BEGIN

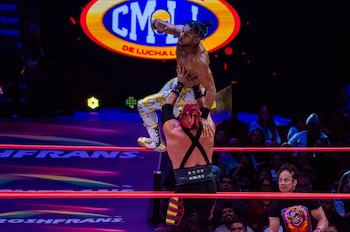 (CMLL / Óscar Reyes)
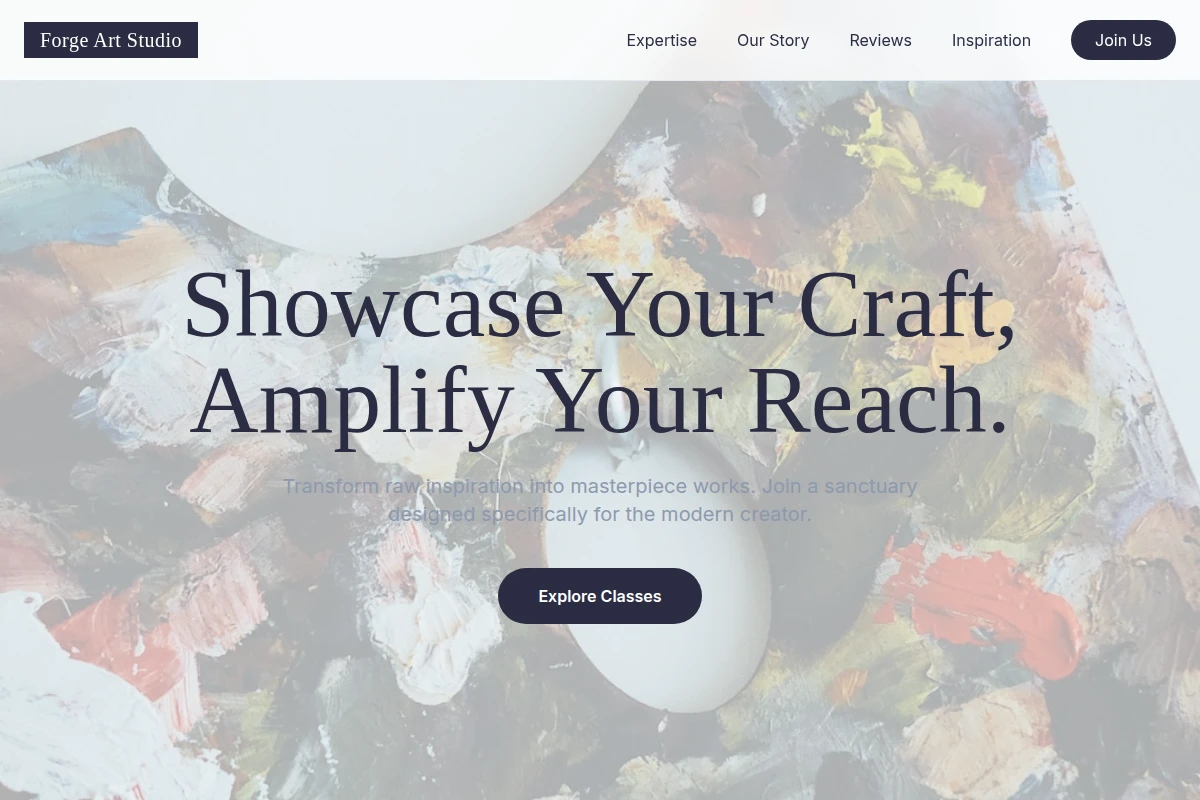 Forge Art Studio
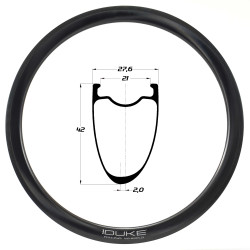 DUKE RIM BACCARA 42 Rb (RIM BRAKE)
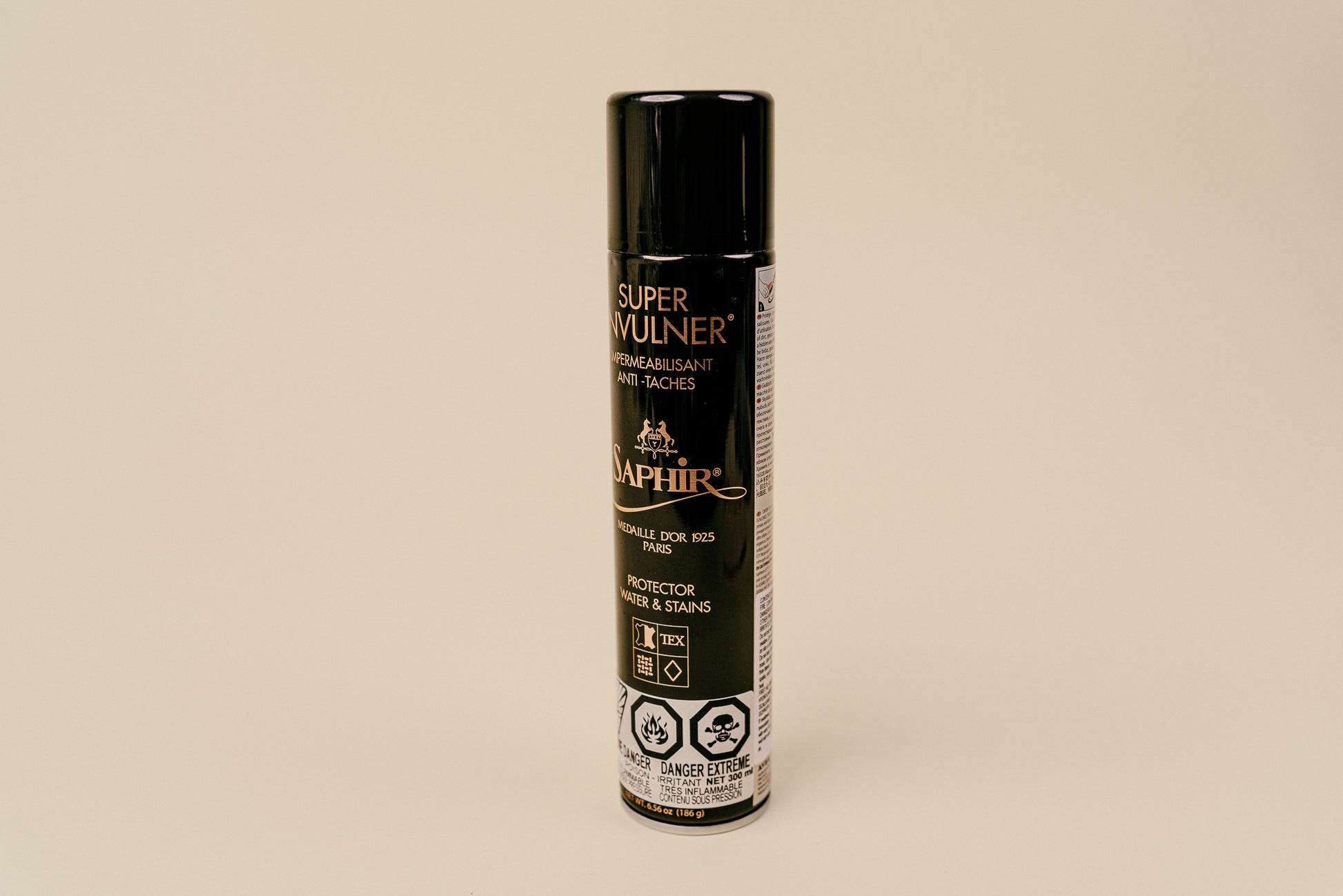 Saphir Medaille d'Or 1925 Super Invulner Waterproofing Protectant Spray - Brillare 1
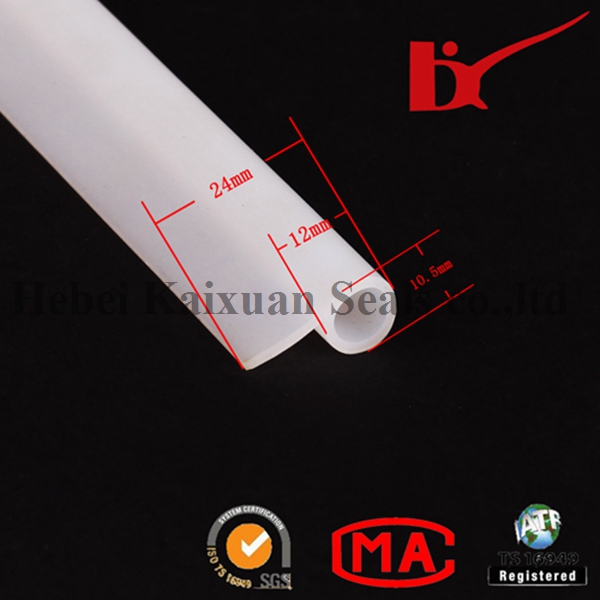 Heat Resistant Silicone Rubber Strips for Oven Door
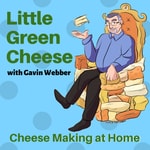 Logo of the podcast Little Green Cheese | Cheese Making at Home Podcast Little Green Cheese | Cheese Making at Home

END
BEGIN

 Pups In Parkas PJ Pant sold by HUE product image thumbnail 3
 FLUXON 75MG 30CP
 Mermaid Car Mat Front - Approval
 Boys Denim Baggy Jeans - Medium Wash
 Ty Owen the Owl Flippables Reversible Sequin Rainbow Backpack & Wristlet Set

END
BEGIN

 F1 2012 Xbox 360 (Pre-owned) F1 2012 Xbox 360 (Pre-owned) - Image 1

END

Task description. Using the data above, transcribe exactly the lines between those containing "Heat Resistant Silicone" and "Logo of the", inclusive, and leave every picture behind.

Response below.
 Heat Resistant Silicone Rubber Strips for Oven Door
 Logo of the podcast Little Green Cheese | Cheese Making at Home Podcast Little Green Cheese | Cheese Making at Home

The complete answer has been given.